* EXERCISE INSTRUCTIONS
Go over the entries and report the lines where the word "Image" occurs.

* PROVIDED MATERIAL
--- --- ---

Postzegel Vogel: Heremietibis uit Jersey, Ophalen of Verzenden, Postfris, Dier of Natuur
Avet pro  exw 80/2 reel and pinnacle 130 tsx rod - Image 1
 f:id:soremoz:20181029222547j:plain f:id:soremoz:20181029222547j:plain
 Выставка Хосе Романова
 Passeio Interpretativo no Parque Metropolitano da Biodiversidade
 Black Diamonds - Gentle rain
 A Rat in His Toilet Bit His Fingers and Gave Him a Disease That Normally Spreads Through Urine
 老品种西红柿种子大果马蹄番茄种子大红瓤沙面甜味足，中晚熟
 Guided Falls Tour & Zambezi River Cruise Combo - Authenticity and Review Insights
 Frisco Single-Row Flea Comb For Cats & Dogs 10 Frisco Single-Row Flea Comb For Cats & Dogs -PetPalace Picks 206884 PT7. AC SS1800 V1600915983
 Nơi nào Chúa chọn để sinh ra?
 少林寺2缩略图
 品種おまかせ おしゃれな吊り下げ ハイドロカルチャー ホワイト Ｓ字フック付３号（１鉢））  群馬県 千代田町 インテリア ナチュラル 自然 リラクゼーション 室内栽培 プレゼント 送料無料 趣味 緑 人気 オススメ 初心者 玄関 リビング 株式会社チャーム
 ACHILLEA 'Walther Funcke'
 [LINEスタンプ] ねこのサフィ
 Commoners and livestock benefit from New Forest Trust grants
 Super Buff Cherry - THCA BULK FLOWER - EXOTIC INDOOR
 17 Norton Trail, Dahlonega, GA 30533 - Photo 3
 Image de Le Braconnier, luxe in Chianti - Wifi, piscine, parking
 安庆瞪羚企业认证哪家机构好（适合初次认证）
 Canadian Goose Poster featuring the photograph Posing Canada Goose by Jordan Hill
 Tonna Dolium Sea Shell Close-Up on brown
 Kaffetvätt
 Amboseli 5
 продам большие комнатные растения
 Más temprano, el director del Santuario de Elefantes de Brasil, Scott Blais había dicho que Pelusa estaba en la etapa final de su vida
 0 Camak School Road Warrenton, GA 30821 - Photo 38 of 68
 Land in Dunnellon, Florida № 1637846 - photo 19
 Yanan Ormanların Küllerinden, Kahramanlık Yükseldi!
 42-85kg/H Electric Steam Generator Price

--- --- ---

* RESPONSE FOR THIS EXERCISE
Avet pro  exw 80/2 reel and pinnacle 130 tsx rod - Image 1
 Image de Le Braconnier, luxe in Chianti - Wifi, piscine, parking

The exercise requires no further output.